Meskipun hijra didenotasikan setelah Kemerdekaan, banyak stigma tetap ada, dan sejak itu mereka menghadapi perjuangan berat untuk akses ke perawatan medis, pekerjaan, hak untuk memilih, perlindungan di bawah cabang eksekutif, dan memang, untuk keberadaan mereka sendiri. diakui dalam sistem hukum.

Berbagai upaya telah dilakukan pemerintah untuk membantu komunitas transgender. Negara-negara bagian seperti Tamil Nadu, Maharashtra, dan Odisha telah membentuk berbagai jenis badan kesejahteraan, sementara Benggala Barat telah mendirikan apa yang diklaimnya sebagai badan pembangunan, bukan kesejahteraan. Langkah-langkah lain termasuk kuota untuk transgender di berbagai sektor publik dan perguruan tinggi dan inklusi mereka dalam kepolisian di negara bagian tertentu, antara lain.

Jarang sekali partai-partai besar di balik upaya ini mengizinkan anggota komunitas transgender untuk ikut serta dalam pemilihan dalam surat suara mereka. Di antara beberapa transgender yang menang, beberapa — seperti Kamla Jaan dari Katni, terpilih pada 1999, dan Kamala Kinnar dari Sagar pada 2009 — didiskualifikasi karena mengikuti kategori perempuan. Setelah putusan Mahkamah Agung mengakui jenis kelamin ketiga, Madhu Kinnar dari Chattisgarh terpilih sebagai Walikota Raigarh setelah mencalonkan diri sebagai calon Independen.

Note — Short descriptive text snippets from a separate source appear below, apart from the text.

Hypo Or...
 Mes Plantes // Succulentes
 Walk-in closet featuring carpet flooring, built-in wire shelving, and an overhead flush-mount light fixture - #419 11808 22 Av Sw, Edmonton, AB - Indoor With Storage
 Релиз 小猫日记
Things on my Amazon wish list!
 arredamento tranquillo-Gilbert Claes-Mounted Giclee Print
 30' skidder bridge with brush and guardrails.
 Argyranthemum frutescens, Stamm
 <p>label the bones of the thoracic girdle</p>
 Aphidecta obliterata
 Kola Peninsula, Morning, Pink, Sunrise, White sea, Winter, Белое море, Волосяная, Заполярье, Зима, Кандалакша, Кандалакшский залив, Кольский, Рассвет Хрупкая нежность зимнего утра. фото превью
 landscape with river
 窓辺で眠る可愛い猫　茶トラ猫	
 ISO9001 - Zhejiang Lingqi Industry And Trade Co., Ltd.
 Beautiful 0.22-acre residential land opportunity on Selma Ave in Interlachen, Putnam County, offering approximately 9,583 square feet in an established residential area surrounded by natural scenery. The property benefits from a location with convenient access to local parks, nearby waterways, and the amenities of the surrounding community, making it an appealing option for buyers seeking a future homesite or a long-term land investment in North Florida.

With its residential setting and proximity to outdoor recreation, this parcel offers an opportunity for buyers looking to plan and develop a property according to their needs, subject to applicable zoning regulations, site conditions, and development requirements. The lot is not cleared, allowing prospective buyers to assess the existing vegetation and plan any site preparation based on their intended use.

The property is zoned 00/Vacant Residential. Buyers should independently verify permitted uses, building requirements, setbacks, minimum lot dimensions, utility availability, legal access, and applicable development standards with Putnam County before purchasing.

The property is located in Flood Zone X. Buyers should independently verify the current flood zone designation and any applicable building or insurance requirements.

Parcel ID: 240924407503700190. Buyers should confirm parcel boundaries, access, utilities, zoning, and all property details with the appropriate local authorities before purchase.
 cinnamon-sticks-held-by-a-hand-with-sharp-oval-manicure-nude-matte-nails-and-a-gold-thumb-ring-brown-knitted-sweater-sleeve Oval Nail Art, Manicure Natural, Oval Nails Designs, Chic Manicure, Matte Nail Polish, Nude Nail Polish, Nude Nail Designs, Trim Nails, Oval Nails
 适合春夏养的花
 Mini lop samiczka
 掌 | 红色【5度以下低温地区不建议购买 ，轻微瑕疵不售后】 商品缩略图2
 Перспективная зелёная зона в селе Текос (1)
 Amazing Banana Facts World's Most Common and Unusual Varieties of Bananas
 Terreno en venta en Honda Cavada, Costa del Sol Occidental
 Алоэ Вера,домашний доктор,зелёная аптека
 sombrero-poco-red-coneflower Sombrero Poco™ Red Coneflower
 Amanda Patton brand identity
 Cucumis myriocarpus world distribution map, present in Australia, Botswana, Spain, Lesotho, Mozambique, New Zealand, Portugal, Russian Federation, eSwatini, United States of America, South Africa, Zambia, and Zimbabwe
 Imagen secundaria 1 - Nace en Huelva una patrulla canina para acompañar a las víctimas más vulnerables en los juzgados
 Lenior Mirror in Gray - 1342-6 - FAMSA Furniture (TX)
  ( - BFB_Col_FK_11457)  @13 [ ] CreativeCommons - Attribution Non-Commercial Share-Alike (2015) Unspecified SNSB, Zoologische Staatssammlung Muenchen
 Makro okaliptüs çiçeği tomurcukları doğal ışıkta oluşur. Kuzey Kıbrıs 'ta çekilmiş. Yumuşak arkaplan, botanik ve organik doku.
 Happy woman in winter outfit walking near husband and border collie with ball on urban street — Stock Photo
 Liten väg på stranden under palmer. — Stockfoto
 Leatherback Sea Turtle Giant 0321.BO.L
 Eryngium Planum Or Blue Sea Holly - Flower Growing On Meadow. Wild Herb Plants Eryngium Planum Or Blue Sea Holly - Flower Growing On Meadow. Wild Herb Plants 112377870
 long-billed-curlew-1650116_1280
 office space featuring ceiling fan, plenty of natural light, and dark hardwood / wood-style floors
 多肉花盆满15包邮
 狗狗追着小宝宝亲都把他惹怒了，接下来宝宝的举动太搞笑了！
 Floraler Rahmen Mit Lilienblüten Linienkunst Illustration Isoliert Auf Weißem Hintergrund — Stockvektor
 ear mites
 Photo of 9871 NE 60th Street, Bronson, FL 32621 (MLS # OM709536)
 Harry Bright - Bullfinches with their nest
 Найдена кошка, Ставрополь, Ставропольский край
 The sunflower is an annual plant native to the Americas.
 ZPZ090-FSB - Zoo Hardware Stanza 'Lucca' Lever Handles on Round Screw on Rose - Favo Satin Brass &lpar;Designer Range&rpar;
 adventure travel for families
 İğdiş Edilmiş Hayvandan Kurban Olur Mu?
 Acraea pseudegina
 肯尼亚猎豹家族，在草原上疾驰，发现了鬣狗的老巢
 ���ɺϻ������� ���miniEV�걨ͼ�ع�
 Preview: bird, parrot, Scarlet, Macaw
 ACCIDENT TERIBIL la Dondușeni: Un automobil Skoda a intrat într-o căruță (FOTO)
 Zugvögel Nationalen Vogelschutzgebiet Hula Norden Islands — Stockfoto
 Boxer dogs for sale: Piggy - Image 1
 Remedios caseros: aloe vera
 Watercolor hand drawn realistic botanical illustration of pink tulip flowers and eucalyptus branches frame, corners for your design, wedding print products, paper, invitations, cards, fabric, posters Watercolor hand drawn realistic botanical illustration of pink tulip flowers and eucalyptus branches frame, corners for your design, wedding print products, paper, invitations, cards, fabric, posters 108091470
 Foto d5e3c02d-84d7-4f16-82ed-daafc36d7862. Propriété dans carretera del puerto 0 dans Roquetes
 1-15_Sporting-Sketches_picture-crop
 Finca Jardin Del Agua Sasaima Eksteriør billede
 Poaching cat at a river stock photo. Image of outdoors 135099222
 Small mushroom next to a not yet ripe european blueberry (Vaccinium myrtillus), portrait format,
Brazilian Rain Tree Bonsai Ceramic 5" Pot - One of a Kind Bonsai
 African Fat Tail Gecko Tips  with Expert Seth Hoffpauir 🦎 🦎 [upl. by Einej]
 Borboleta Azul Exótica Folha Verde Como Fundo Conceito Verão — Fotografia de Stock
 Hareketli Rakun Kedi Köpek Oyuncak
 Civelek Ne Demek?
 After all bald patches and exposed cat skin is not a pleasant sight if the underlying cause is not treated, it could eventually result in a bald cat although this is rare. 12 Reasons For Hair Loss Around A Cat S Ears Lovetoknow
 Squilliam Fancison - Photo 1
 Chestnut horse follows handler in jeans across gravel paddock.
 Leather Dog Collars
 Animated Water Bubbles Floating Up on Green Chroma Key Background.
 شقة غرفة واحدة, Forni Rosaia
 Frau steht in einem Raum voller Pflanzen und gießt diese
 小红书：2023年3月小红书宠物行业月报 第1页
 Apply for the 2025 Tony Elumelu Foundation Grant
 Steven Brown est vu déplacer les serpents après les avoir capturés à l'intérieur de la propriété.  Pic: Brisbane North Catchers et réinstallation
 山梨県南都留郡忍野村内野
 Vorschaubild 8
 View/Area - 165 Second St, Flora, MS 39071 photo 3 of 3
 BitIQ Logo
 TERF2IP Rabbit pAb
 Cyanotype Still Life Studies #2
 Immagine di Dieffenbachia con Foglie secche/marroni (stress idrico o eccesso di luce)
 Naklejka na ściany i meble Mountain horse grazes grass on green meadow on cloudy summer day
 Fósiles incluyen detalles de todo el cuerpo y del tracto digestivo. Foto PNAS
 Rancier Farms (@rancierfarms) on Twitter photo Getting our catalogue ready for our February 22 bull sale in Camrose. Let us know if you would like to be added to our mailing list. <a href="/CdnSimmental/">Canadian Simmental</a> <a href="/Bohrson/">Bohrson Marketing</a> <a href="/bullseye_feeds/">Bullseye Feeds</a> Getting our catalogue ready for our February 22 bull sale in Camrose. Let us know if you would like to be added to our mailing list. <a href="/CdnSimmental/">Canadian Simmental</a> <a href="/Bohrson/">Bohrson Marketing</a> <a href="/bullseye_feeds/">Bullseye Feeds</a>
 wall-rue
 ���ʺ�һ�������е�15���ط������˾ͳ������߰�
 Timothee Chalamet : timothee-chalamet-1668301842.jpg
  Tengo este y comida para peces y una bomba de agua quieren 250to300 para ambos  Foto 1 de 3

Skema yang diterapkan untuk membantu hijra – terlepas dari kemanjuran mereka atau kurangnya hasil akhir – tidak ada artinya jika pembuat undang-undang yang menerapkannya terus menunjukkan disonansi ini dalam pemikiran dan bahasa.

Setiap upaya untuk mengubah wacana yang berlaku ini harus dimulai dengan bahasa, karena ia memiliki kekuatan yang tak terbantahkan dalam politik dan pemerintahan, bertindak sebagai landasan retorika dan kampanye, dalam pembingkaian undang-undang dan kebijakan.

Maka sudah sepantasnya para politisi yang menjadi panutan bagi puluhan lakh pendukung yang menyerap retorika mereka, harus menjadi yang pertama mencela konotasi menghina yang terkait dengan istilah hijrah, dan mendorong orang lain untuk melakukan hal yang sama.